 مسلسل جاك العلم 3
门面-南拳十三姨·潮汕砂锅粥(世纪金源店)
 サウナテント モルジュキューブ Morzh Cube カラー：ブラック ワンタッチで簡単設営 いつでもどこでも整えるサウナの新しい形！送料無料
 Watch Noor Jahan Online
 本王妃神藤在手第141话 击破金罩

====================

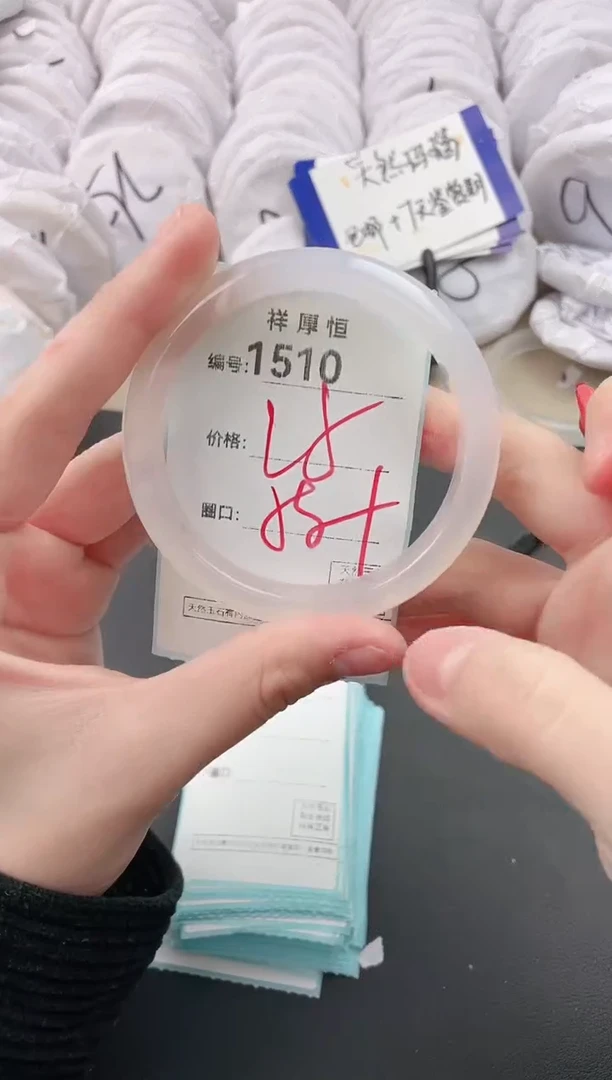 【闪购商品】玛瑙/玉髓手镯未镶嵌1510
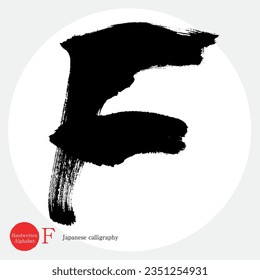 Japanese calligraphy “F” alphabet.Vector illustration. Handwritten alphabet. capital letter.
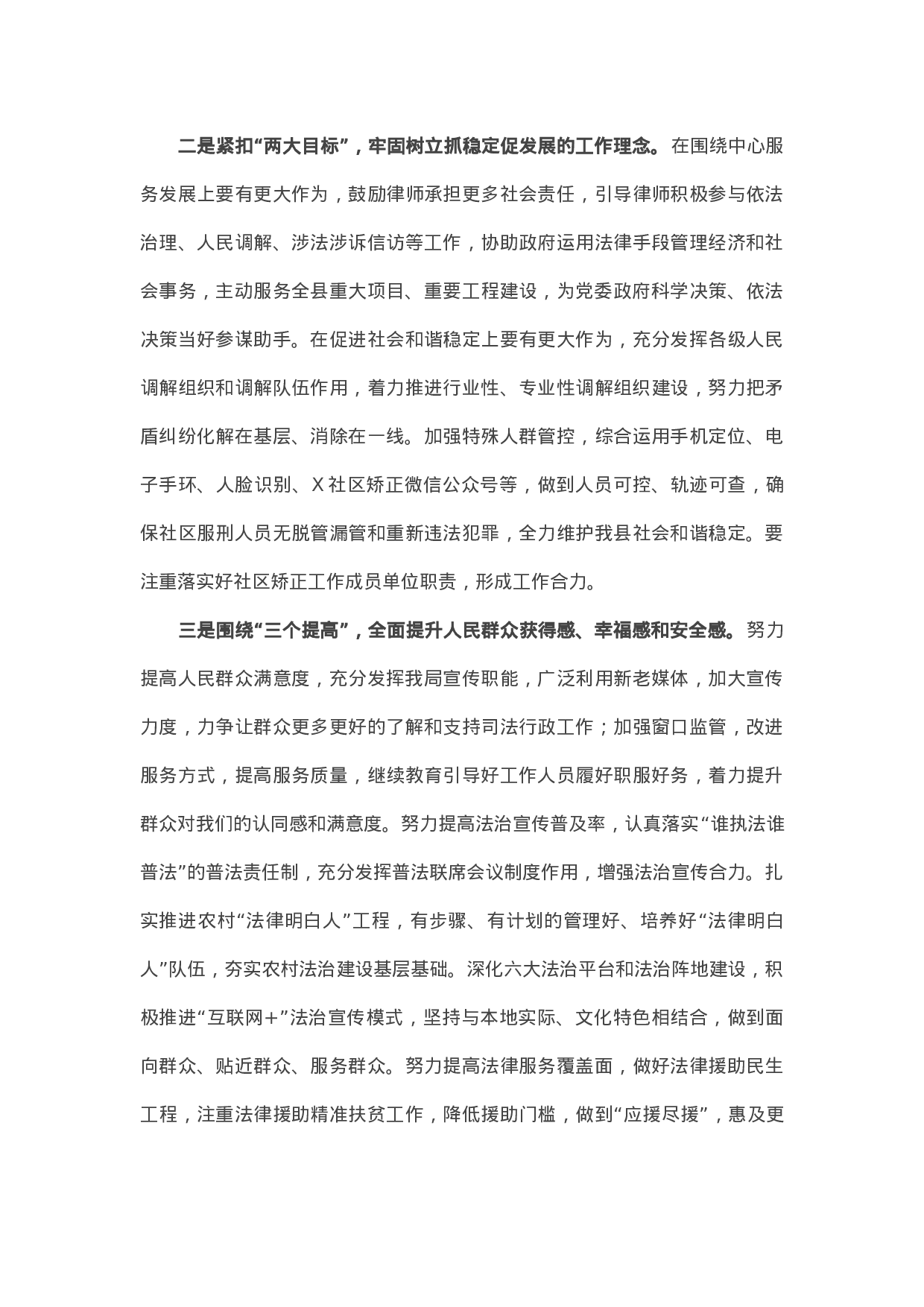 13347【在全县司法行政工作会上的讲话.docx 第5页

====================

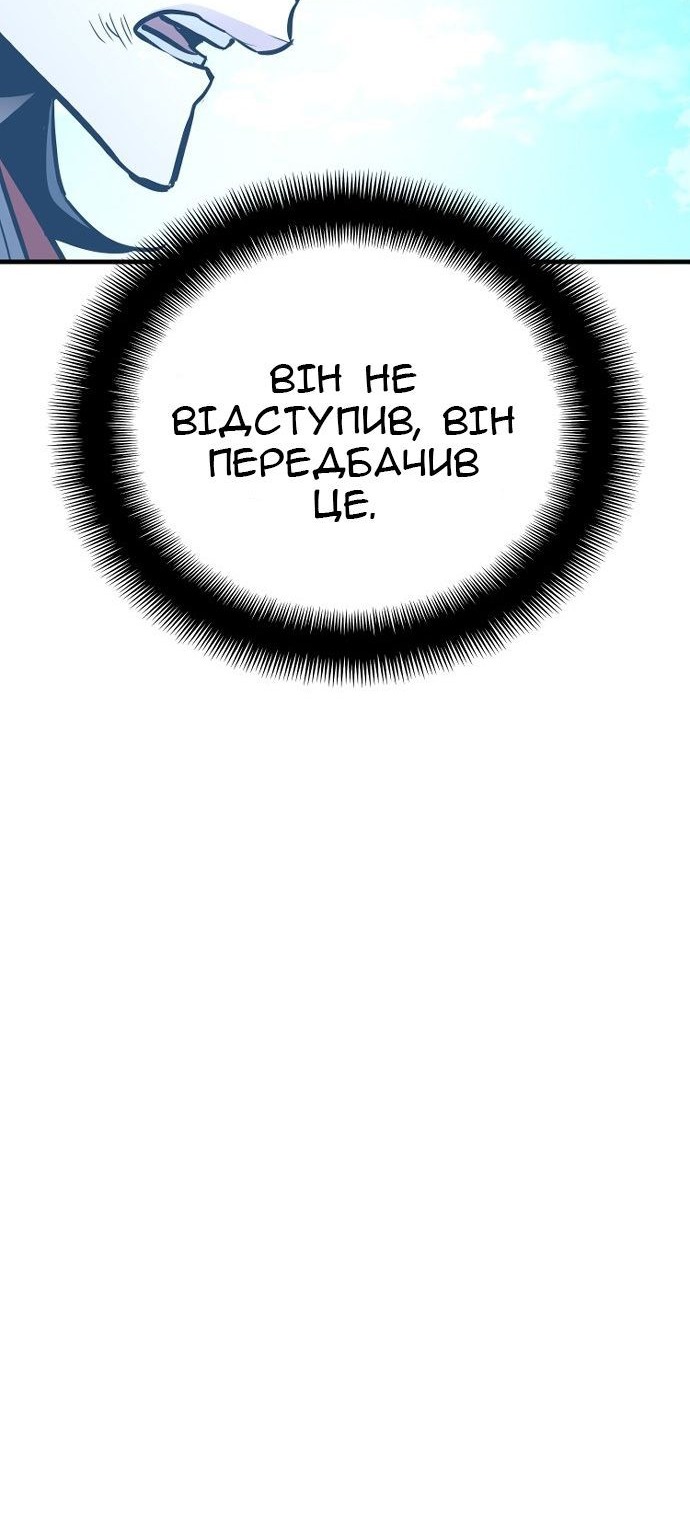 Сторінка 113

====================

(Problem details):
Copy only this part of the entries above: the line with "サウナテント モルジュキューブ Morzh", the line with "本王妃神藤在手第141话 击破金罩", and the lines between, all exactly as written.

(Exercise solution):
 サウナテント モルジュキューブ Morzh Cube カラー：ブラック ワンタッチで簡単設営 いつでもどこでも整えるサウナの新しい形！送料無料
 Watch Noor Jahan Online
 本王妃神藤在手第141话 击破金罩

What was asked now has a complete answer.